New antimalarial drug, tafenoquine, approved for malaria prevention

mosquito that has recently blood fed

Few diseases impact the world as profoundly as malaria.  In 2016 alone, there were approximately 216 million cases of malaria worldwide with approximately 445,000 deaths.   With the U.S. military suffering heavy casualties from malaria in the South Pacific during World War II, General Douglas MacArthur complained that for every division he had facing the enemy, he had another sick in the hospital, and a third in recovery.  Malaria again sickened many Soldiers during the Vietnam War, where it was one of the largest sources of casualties for Americans.  Malaria’s impact remains so profound today that the Department of Defense still considers it the most significant infectious disease threat to deployed U.S. Service Members.  

Leading the charge to prevent malaria, Army scientists in the mid- to late-20th century participated in the development and licensure of many highly effective antimalarial drugs, notably chloroquine and primaquine.  Yet, concerns about growing chloroquine resistance and primaquine contraindications required continuing research and development.  

Amidst these concerns, the Experimental Therapeutics branch at the Walter Reed Army Institute of Research initiated a new antimalarial drug discovery program, enjoying early success with the discovery and synthesis of tafenoquine (Arakoda™) in 1978, a next generation analogue of primaquine.

During the 1980s, development of Arakoda™ continued at WRAIR’s Armed Forces Research Institute of Medical Science in Thailand.  Preclinical studies were extremely encouraging, demonstrating the efficacy of Arakoda™ for both malaria prevention and as a cure for relapse, supporting its progression into clinical development.  
Continuing in the late 1990s and early 2000s, WRAIR conducted key efficacy trials at another of its expeditionary laboratories, the U.S. Army Medical Research Unit – Kenya (now U.S. Army Medical Research Directorate – Africa).  In total, 25 clinical trials with over 3,000 subjects have demonstrated Arakoda’s safety and efficacy. 
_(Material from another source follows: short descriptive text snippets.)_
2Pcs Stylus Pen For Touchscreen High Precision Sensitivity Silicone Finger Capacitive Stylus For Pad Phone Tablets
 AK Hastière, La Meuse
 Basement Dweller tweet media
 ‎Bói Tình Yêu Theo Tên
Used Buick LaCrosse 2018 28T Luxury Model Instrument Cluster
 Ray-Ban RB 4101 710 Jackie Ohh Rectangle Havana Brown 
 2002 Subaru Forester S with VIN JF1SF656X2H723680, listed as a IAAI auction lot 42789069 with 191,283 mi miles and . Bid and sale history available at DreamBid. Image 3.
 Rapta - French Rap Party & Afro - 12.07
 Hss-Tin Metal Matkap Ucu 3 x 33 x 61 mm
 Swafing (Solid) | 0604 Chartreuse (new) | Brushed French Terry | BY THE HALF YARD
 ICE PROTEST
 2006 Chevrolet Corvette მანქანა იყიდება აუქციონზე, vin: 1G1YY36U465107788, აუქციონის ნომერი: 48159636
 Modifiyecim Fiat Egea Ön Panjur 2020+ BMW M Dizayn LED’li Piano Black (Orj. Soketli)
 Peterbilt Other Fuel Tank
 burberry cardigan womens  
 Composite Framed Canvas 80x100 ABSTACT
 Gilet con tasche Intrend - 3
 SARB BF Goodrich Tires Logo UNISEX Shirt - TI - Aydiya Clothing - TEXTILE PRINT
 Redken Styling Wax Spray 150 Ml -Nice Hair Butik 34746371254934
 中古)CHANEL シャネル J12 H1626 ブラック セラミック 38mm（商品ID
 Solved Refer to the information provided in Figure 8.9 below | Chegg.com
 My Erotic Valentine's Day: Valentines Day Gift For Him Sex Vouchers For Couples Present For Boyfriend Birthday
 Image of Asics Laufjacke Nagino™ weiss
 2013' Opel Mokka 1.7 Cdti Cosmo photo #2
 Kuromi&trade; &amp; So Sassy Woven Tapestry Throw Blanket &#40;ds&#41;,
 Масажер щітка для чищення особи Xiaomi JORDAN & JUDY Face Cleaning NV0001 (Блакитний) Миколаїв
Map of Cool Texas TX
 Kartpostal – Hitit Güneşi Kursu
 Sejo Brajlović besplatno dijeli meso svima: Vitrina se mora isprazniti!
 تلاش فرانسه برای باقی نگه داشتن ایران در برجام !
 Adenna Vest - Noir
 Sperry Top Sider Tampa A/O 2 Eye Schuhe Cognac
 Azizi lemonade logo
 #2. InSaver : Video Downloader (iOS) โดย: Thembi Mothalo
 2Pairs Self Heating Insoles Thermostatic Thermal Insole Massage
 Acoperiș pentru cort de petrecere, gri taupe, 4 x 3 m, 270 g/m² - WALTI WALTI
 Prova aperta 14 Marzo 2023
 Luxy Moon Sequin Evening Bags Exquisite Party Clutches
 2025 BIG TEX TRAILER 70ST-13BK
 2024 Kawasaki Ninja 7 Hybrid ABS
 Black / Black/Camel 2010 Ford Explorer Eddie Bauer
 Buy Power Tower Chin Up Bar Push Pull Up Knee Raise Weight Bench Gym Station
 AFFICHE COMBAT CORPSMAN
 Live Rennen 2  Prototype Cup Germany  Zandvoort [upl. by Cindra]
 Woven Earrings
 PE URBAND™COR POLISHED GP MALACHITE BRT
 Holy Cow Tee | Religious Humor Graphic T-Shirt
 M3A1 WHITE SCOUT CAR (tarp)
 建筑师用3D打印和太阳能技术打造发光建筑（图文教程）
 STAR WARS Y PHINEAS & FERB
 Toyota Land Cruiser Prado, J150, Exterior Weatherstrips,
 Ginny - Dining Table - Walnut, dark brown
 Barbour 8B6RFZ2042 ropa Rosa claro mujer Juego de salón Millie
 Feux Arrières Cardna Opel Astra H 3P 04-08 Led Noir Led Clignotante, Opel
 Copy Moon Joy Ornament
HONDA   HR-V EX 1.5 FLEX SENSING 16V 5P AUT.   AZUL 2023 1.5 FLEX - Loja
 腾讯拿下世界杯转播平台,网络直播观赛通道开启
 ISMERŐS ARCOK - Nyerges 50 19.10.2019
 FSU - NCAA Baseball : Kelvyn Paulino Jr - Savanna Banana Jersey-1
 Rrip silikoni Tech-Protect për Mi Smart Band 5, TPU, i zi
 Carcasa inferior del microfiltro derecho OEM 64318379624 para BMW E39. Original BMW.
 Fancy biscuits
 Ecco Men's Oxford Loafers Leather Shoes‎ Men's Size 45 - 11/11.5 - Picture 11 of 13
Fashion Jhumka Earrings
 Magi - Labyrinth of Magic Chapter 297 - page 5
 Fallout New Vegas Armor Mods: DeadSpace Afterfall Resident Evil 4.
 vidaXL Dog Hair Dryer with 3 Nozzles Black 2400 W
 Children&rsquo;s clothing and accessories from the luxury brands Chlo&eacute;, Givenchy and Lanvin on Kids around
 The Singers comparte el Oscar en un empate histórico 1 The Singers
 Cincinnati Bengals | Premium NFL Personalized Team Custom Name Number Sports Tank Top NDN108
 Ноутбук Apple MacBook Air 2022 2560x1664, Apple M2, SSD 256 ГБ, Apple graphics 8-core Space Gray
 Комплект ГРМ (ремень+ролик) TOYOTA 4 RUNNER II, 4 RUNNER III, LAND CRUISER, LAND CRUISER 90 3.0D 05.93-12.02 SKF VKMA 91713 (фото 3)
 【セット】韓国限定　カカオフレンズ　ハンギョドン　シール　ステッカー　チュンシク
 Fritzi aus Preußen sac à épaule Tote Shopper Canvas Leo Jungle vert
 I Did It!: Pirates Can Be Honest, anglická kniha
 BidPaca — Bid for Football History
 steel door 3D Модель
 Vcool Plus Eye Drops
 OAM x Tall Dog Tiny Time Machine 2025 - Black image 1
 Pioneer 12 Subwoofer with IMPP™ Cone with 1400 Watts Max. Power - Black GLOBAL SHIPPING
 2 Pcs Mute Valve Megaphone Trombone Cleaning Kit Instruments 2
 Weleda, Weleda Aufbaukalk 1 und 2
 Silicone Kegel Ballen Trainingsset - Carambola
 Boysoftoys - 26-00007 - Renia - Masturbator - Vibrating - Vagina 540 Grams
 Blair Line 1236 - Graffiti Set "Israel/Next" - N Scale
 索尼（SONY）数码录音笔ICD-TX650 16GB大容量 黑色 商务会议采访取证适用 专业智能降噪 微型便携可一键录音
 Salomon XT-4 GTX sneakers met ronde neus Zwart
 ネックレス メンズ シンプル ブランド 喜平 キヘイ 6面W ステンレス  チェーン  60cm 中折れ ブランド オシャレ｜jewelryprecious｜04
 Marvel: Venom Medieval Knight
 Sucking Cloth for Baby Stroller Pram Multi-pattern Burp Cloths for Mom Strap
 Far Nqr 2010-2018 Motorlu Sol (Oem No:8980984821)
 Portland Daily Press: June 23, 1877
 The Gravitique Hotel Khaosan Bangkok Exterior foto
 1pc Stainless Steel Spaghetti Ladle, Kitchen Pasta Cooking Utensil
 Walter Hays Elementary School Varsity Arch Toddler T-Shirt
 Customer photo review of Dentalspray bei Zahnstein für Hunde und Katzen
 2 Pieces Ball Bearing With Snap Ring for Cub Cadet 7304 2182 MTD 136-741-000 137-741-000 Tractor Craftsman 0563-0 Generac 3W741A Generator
During the 1990s as well, the U.S. Army Medical Materiel Development Activity joined WRAIR in development, fully taking over by 2014.  USAMMDA soon brought the case for Arakoda™ licensure to the U.S. Food and Drug Administration in partnership with 60° Pharmaceuticals.  In February 2018, the FDA granted a priority review designation, which allows for the accelerated review of drugs targeting neglected tropical diseases.  

These decades of work culminated on Aug. 8, 2018, when the FDA approved Arakoda™ for malaria prophylaxis – the first FDA-approved prophylactic drug for malaria in more than 18 years.  It is safe, effective against malaria relapse, and enjoys the advantage of less frequent dosing, weekly instead of daily, for malaria prevention.  
As antimalarial drug resistance degrades the efficacy of current gold standard treatments and prophylactics, it is vitally important to maintain a robust drug pipeline to discover and develop improved, next generation malaria prevention and treatment tools.  WRAIR has not only helped develop a malaria vaccine, currently in advanced clinical trials, but has participated in the development of every FDA-approved malaria prevention drug in the last 50+ years.  WRAIR ET continues to search for new and improved prophylaxis and treatment drugs, and to transition next generation drug candidates into medical product development.  The approval of Arakoda™ for malaria prevention represents a critical tool in global efforts to eradicate malaria.